[ASSIGNMENT]
Your task is to reproduce, exactly and only, the lines running from the line containing "this 800×533 image." to the end of the data below, both included.
**** SOURCE RECORDS
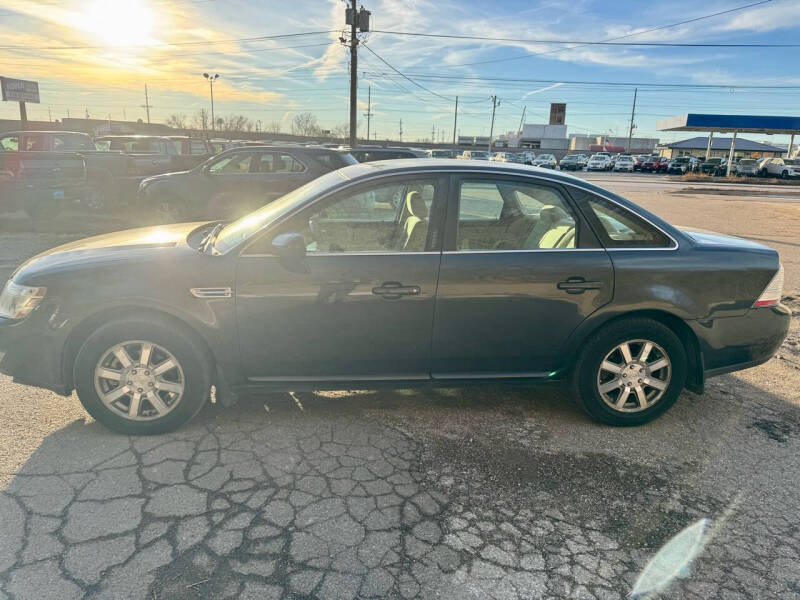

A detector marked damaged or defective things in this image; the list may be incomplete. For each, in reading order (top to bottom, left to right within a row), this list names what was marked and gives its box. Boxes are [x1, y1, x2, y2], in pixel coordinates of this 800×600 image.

cracked asphalt pavement [1, 184, 800, 600]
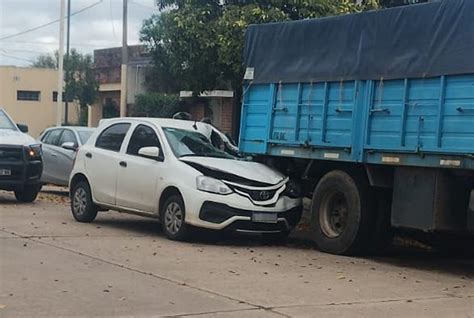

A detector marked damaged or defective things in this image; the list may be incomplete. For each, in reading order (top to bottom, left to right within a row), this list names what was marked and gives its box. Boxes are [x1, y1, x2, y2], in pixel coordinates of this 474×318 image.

damaged car hood [181, 156, 286, 185]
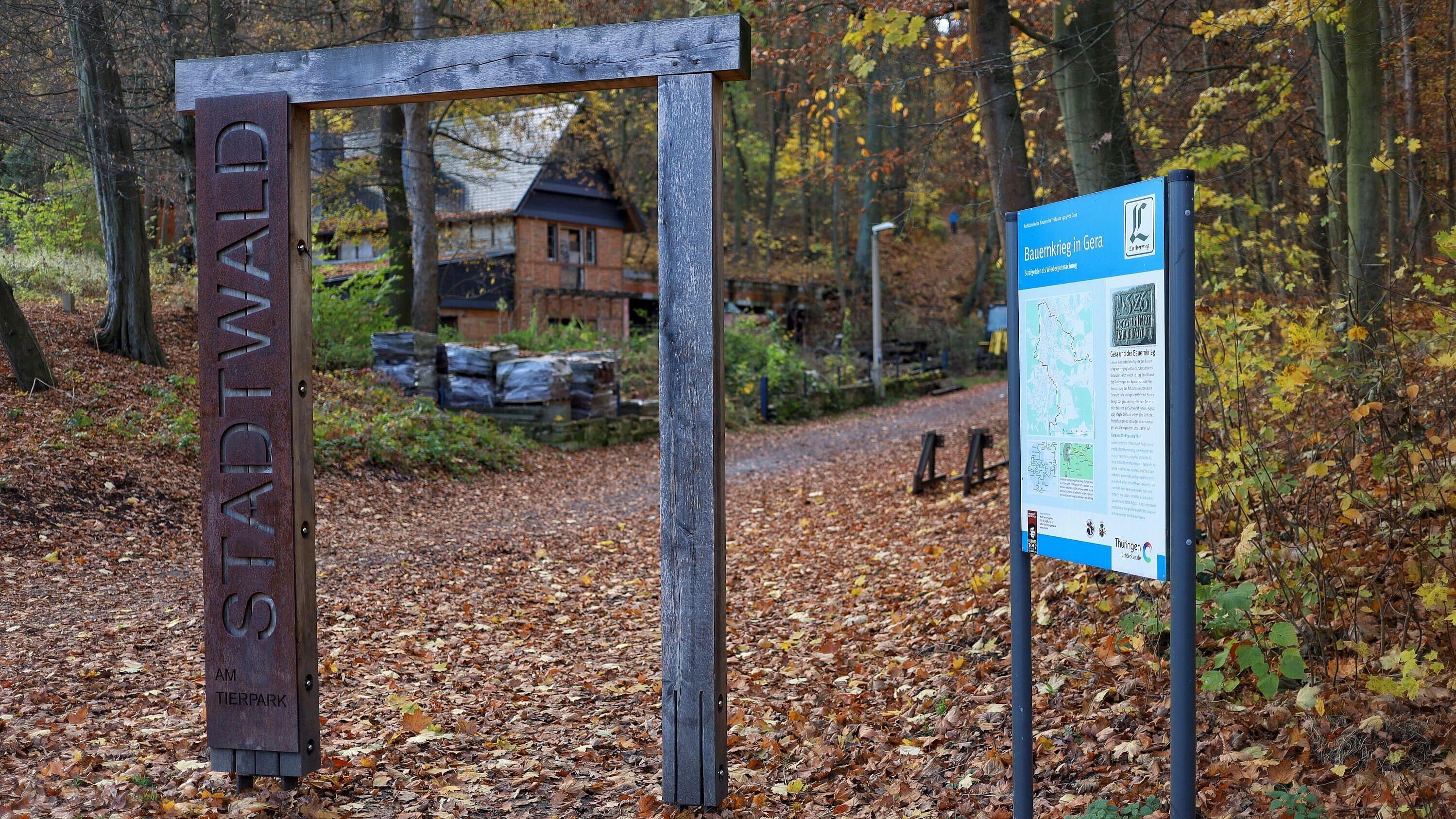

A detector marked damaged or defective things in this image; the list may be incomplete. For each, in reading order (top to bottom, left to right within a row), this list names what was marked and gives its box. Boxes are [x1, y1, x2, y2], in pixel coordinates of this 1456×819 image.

rusty metal sign [196, 91, 319, 780]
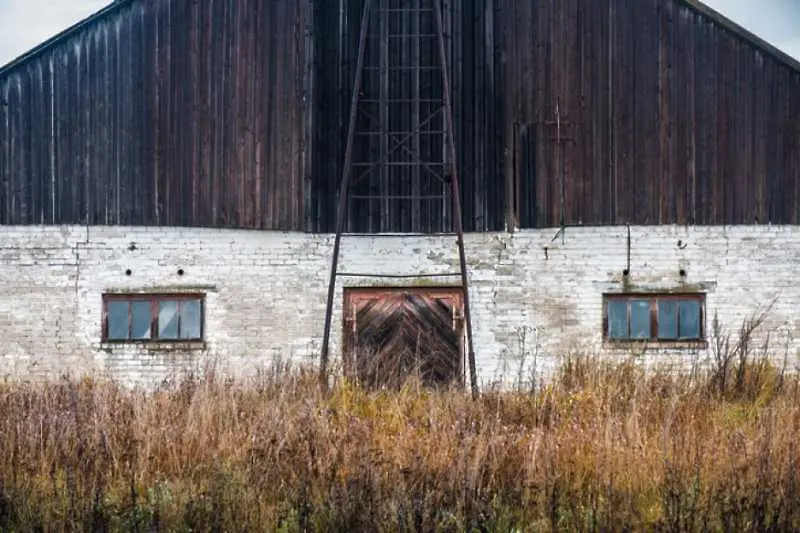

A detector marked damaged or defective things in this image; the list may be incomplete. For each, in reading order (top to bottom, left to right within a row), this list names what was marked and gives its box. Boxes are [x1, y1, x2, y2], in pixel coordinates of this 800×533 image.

broken window pane [107, 302, 129, 338]
broken window pane [131, 302, 152, 338]
broken window pane [158, 302, 180, 338]
broken window pane [180, 298, 202, 338]
rusty metal door [342, 288, 466, 388]
broken window pane [608, 300, 628, 336]
broken window pane [632, 300, 648, 336]
broken window pane [656, 302, 676, 338]
broken window pane [680, 300, 700, 336]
********
[REPLY TO THE EXERCISE]
A detector marked damaged or defective things in this image; the list may be incomplete. For each, in reading order (top to bottom, left to right within a row), this list names what was marked and gives its box. Boxes are [x1, y1, x2, y2], in pixel coordinates of this 800×533 image.

broken window pane [107, 302, 129, 338]
broken window pane [131, 302, 152, 338]
broken window pane [158, 302, 180, 338]
broken window pane [180, 298, 202, 338]
rusty metal door [342, 288, 466, 388]
broken window pane [608, 300, 628, 336]
broken window pane [632, 300, 648, 336]
broken window pane [656, 302, 676, 338]
broken window pane [680, 300, 700, 336]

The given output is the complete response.